2. Educate employees on the signs of cyberattacks
Ransomware attacks can often begin with a phishing email, urging employees to click on suspicious URLs that are embedded with malicious attachments or links. If employees mistakenly click the link in a phishing email, they should immediately shut off their device and notify their IT department.
Training and education are crucial for employees to help them understand when and how they are being targeted. This training should be frequent, instructing them on what to look for in an email and how to identify that it may be of risk. Sending test emails can also help to arm them and help them identify a dangerous email.
Additionally, cybercriminals may perform test runs to better identify weaknesses within the network prior to launching a full-scale attack. Through frequent employee-security awareness training, employees must understand what the signs are for these threats and be able to report them if any are spotted.
Hackers can utilize software programs to steal credentials and break into the network. Any signs of software-removal programs that were not previously installed on the computer by an IT professional can be a sign of a hacker attempting to remove security software to easily access the network.
Once a computer is infected by a ransomware attack, users will receive an error message, informing them that their files have been encrypted. This message is typically a warning, urging users to pay to retrieve their personal files including photos and other documents.
3. Arm your business
With a ransomware attack occurring [so often these days], it has never been more important for an organization to find a solution that helps protect its information from cyber intruders.
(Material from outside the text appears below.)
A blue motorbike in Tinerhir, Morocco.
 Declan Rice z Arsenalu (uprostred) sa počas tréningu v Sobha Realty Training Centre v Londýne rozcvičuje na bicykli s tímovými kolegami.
This means that anyone and everyone are at risk for having their data held for ransom.
Businesses should invest in the latest generation of anti-malware software such as CrowdStrike, Carbon Black, and the latest versions of Symantec and McAfee to help protect their data. These software solutions offer protection against a computer virus. Companies should also consistently update their software on servers and user computers with the latest security patches. Firewall-software updates should also be made. Ensure current backups cannot be encrypted and introduce network and computer-based intrusion-prevention systems to ensure strong security against cyberattacks.
Finally, technology alone will not reduce the risk of a ransomware attack. Organizations must have updated policies and procedures such as incident-response plans, disaster-recovery plans, and data-breach plans in place to be prepared when an attack will occur. Various state laws such as the New York Shield Act and New York State Department of Financial Services Cybersecurity Regulation require that all companies in New York comply. Rehearsing for these instances enable employees and IT professionals to become as prepared as possible to avoid any phishing emails and identify immediate steps for when a ransomware attack occurs.
Protect yourself and your employees
Cyberthreats are unavoidable for businesses of all sizes. The interconnectedness of businesses through the use of the Internet presents a tremendous risk of a cyberattack. Understanding the risks and the signs of a ransomware attack, properly educating employees, and arming the network with software that is updated and preventive can help you ensure that you and your employees’ data is as safe as possible from a cyberthreat.
John Roman, Jr., is president of FoxPointe Solutions and the chief information officer at The Bonadio Group.